[Image-caption web data]

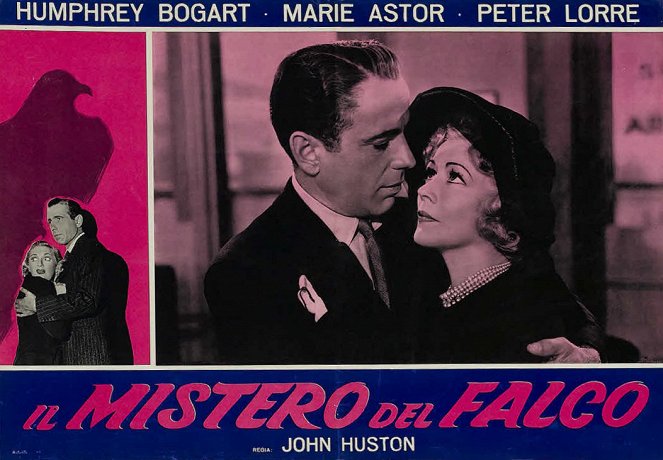 Die Spur des Falken - Lobbykarten - Humphrey Bogart, Gladys George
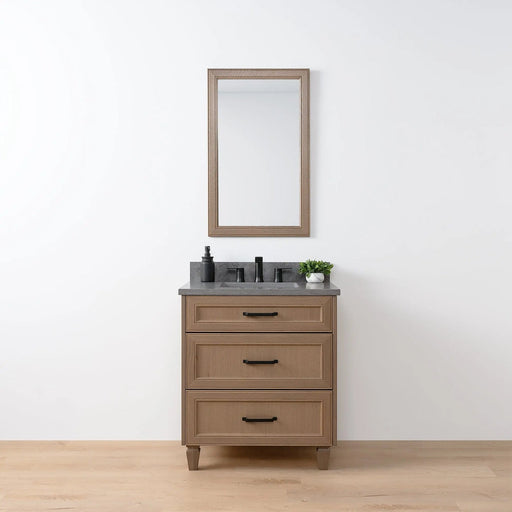 Davenport 30  Teodor  Almond Coast Vanity Teodor Bathroom Vanity 58729591 - High-End Bathroom Vanity - Facility Supply Pro Canada
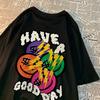 Have A Good Day Money Enthusiasts T Shirt Men High Quality Breathable T Shirt Hip Hop Harajuku Soft Clothes Crewneck Loose Tops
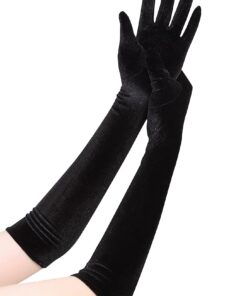 Luvas de Veludo Cor:Preto - YSCH133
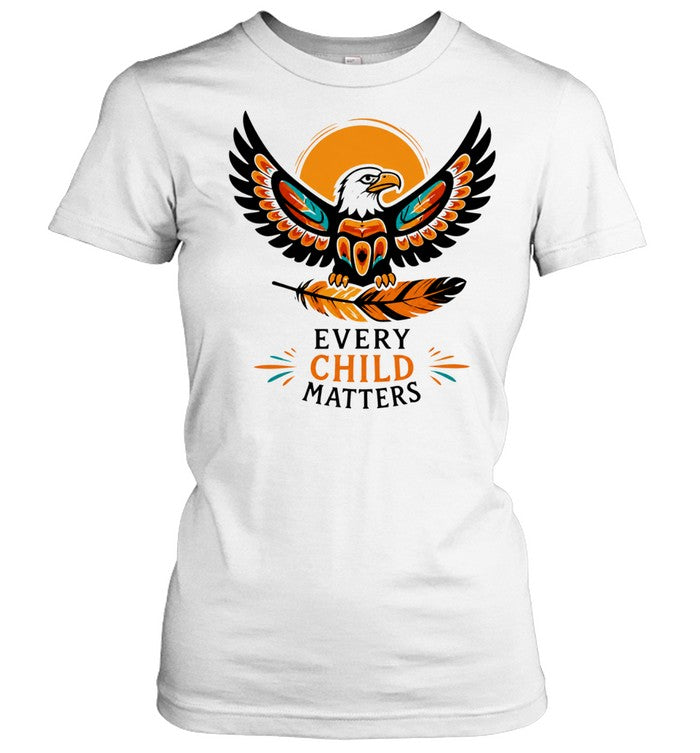 Every Child Matters Eagle Indigenous Unisex T-Shirt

**What you are asked to do**:
Only an exact copy of the lines from the one with "Luvas de Veludo Cor:Preto - YSCH133" through the last line of the data above is wanted, and no pictures.

**Task result**:
 Luvas de Veludo Cor:Preto - YSCH133
 Every Child Matters Eagle Indigenous Unisex T-Shirt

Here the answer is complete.